TASK ITEM
Check every line of the entries below for the word "Blend", and copy the ones that have it.

RECORDS FOR THE TASK
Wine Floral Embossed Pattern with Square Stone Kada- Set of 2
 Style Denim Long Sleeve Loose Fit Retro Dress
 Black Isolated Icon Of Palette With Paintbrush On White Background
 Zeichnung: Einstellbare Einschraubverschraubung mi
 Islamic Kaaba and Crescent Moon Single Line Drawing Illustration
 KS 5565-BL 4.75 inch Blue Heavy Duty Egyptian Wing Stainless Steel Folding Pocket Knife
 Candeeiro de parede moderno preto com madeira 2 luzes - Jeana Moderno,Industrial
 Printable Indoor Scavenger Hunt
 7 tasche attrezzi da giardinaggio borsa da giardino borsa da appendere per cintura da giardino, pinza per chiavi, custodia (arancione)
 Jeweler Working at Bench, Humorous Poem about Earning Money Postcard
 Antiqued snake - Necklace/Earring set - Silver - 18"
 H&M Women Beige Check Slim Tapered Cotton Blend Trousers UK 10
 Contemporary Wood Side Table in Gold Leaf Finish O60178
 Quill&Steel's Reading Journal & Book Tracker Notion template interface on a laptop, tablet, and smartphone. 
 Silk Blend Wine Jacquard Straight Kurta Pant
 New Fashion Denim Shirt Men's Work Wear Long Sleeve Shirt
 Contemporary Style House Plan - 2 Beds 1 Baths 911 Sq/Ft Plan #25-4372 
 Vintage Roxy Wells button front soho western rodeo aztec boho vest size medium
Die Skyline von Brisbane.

WRITTEN ANSWER
 H&M Women Beige Check Slim Tapered Cotton Blend Trousers UK 10
 Silk Blend Wine Jacquard Straight Kurta Pant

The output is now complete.